▶ **WHAT THIS TASK INVOLVES**
Output each line of the data below exactly, omitting any image.

▶ **DATA EXTRACT**
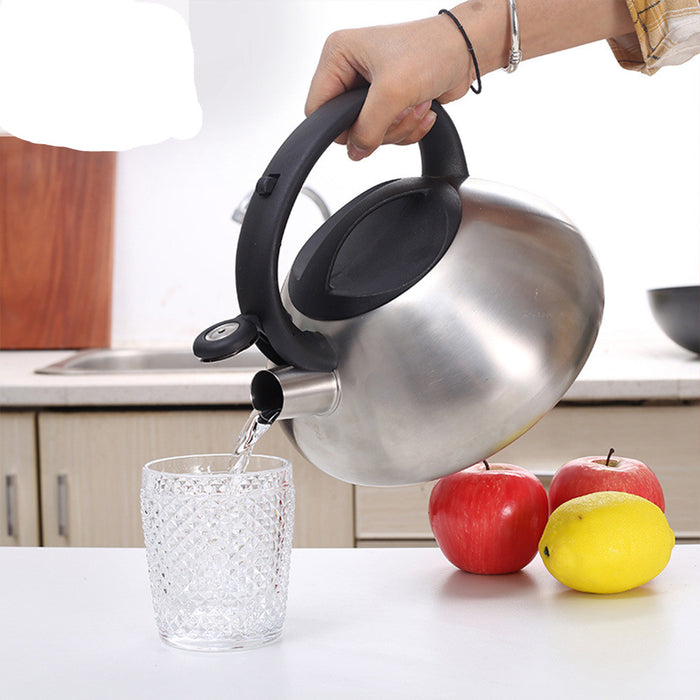 Stainless Steel Whistle Kettle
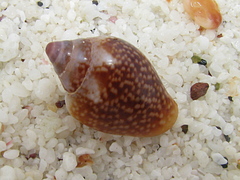 Columbella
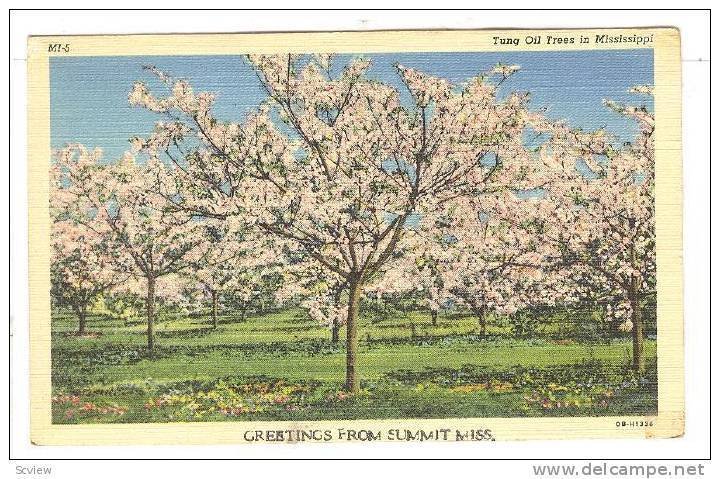 Tung Oil Trees in Summit, Mississippi, 1930-1940s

▶ **SOLUTION**
 Stainless Steel Whistle Kettle
 Columbella
 Tung Oil Trees in Summit, Mississippi, 1930-1940s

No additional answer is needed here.